A decade ago, New York began a long climb out of a deep recession. Today, fiscal watchdogs say the state is not completely ready to handle the next one.
Governor Andrew Cuomo says a recession would spell political doom for President Trump.
“If the economy tanks and this recession comes true, he may as well as start packing his bags now, because I think if there's only one redeeming rationale is it's, well, Trump is a businessman and the economy is doing well,” said Cuomo.
But a recession wouldn't be good for New York State, either. It could mean less funding for schools or higher taxes. The state budget relies heavily on the personal income tax, drawn mainly from wealthy individuals, says EJ McMahon of the Empire Center.

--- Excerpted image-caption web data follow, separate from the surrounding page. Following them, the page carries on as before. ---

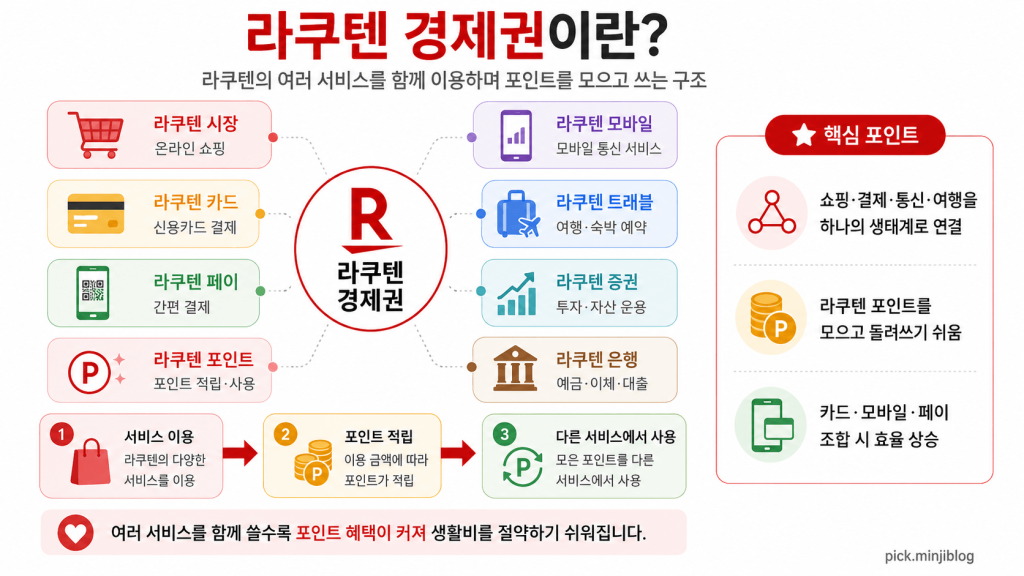 라쿠텐 경제권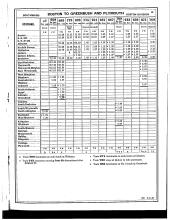 Employee Timetable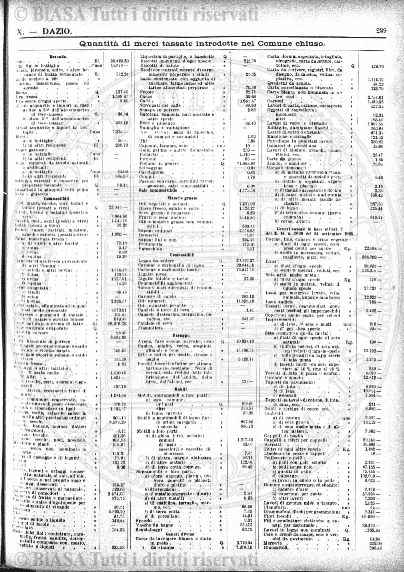 v. 8, n. 26 (1781-1782) - Pagina: 201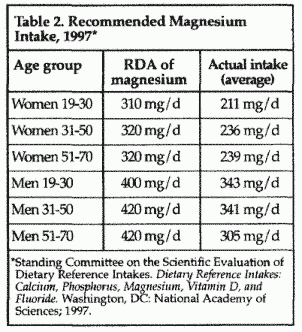 recommended daily allowance re-creation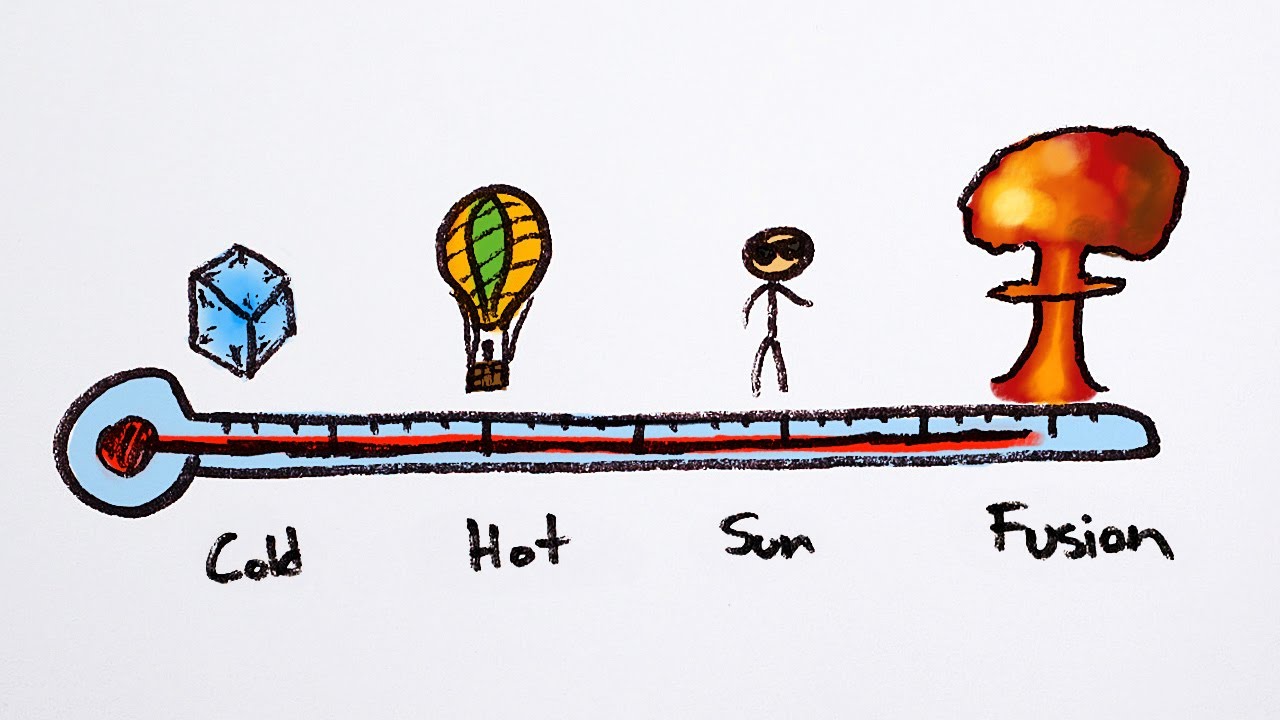 How the Sun works: Fusion and Quantum Tunneling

“Now we've got a lot of volatility on Wall Street, a lot of economic uncertainty,” said McMahon. “So I think going forward the state is on shakier ground than it's been for a while.”
At the same time, the state is phasing in a series of tax cuts aimed primarily at middle-income earners -- costing the state more revenue.
“That's a continuing factor that's actually drawing down the income tax that is our biggest revenue source even as the governor's projecting it will grow at a decent pace,” said McMahon.
The result is modest budget gaps if economic conditions hold up. But that may not be the case. And David Friedfel of the Citizens Budget Commission notes New York's so-called rainy day fund -- a savings account meant to plug revenue holes -- would struggle to cover the lost revenue.
“The state only has about $2.5 billion in their rainy day reserves and that's if they make the anticipated deposits at the end of this current fiscal year,” said Friedfel. “The impact of a recession over three years would be about $34 billion. So they have less than 10-percent of what they would need to plug that gap over three years.”
When the last recession hit a decade ago, state lawmakers and then-Gov. David Paterson agreed to a tax increase on upper income earners. The tax was meant to be temporary. Further raising taxes on the rich remains an option, but could be tricky.
“Potentially they could, but that would hurt the state's competitiveness,” said Friedfel. “That's an issue the governor has highlighted, particularly with the cap on state and local tax deduction to make New York even less competitive compared to low or no tax states like Florida.”
For now, we can breathe a little easy. New York's tax revenue so far has come in as projected.